Always appreciate the offer, not that my insurance would allow it lol. If you do call over though, and find it useful, may be worth contemplating some training. Basic knowledge of machine handling, entry and exit points, spotting defects and their causes won't make you a pro detailer, BUT will give you confidence and competence to complete multiple cars :thumb:


----------



## Bigoggy (Sep 1, 2014)

Haha mate im also handy with a brush. Where can i find the training mate that would be great to do. Im sure a visit to you, even a quick one would be useful i have seen some your work ! you have a lot of knowledge and experience and share it well.


----------



## stangalang (Nov 27, 2009)

Bigoggy said:


> Haha mate im also handy with a brush. Where can i find the training mate that would be great to do. Im sure a visit to you, even a quick one would be useful i have seen some your work ! you have a lot of knowledge and experience and share it well.


We do training buddy, but its one to one at the moment, not in big classes. Its all about covering solid basics, not teaching wet sanding to people who have never machined before. That said, when you understand the basics, its easier to make informed decisions and you will be able to apply it to many situations.

But that aside, i strongly suggest just nipping over and grabbing a few drops of the megs twins and comparing to your current polishes to see whats capable before sanding :thumb:


----------



## MDC250 (Jan 4, 2014)

Out of interest Matt what sort of money are we talking for some basic tuition? Appreciate that may be one for a PM...


----------



## Bigoggy (Sep 1, 2014)

stangalang said:


> Always appreciate the offer, not that my insurance would allow it lol. If you do call over though, and find it useful, may be worth contemplating some training. Basic knowledge of machine handling, entry and exit points, spotting defects and their causes won't make you a pro detailer, BUT will give you confidence and competence to complete multiple cars :thumb:


I see you do training days on your website. Im having a look before bed. Might just have found my christmas present :buffer: hopefully il be able to pop up soon and get some good advice and see about getting some training booked if im on santas nice list


----------



## Bigoggy (Sep 1, 2014)

MDC250 said:


> Out of interest Matt what sort of money are we talking for some basic tuition? Appreciate that may be one for a PM...

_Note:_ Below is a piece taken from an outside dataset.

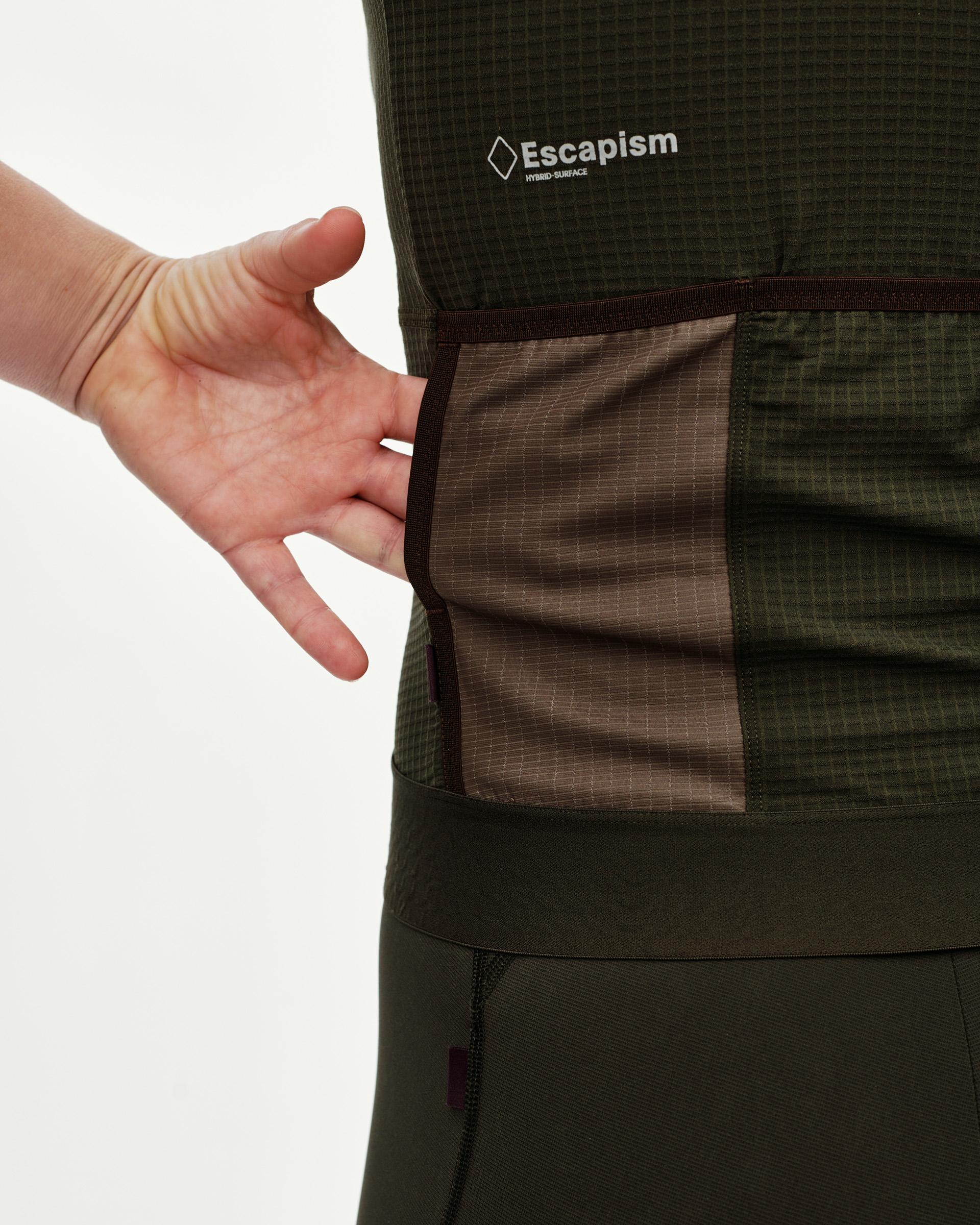 Dark Olive Escapism cycling jersey, rear detail on model showing contrast brown back pocket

There are prices on website mate


----------



## MDC250 (Jan 4, 2014)

Bigoggy said:


> There are prices on website mate


Ha, that would be a good place to start!


----------



## stangalang (Nov 27, 2009)

Lol. As above, and not wanting to hijack a thread. But yeah £120 for a full day including lunch. I'm happy to cater for 2 people for a little extra, but no more


----------



## VenomUK (Oct 13, 2011)

Didn't want to start a new thread as its probably been covered but I cant seem to find the answer to my question. 

I've picked up a car which has got some very horrid orange peal, some of the worst I've seen! 

I want to buy some sanding discs but can see 3M 3000 and 6000 grit paper but cant see any 1500/2000.

Would the 3000 grit be okay to use or will it just take longer using 3000 or am I better off sourcing some 1500 grip papers and using them to take out the bulk of peal?


----------



## Sicskate (Oct 3, 2012)

Have a look at the mirka range of you cant find what you're after. 

Also, you don't really need to go as far as 6000. 

2000 and 3000 trizact should do.


----------



## VenomUK (Oct 13, 2011)

Thanks, I was thinking 6000 was a little over kill when most products out there removes 1500/2000


----------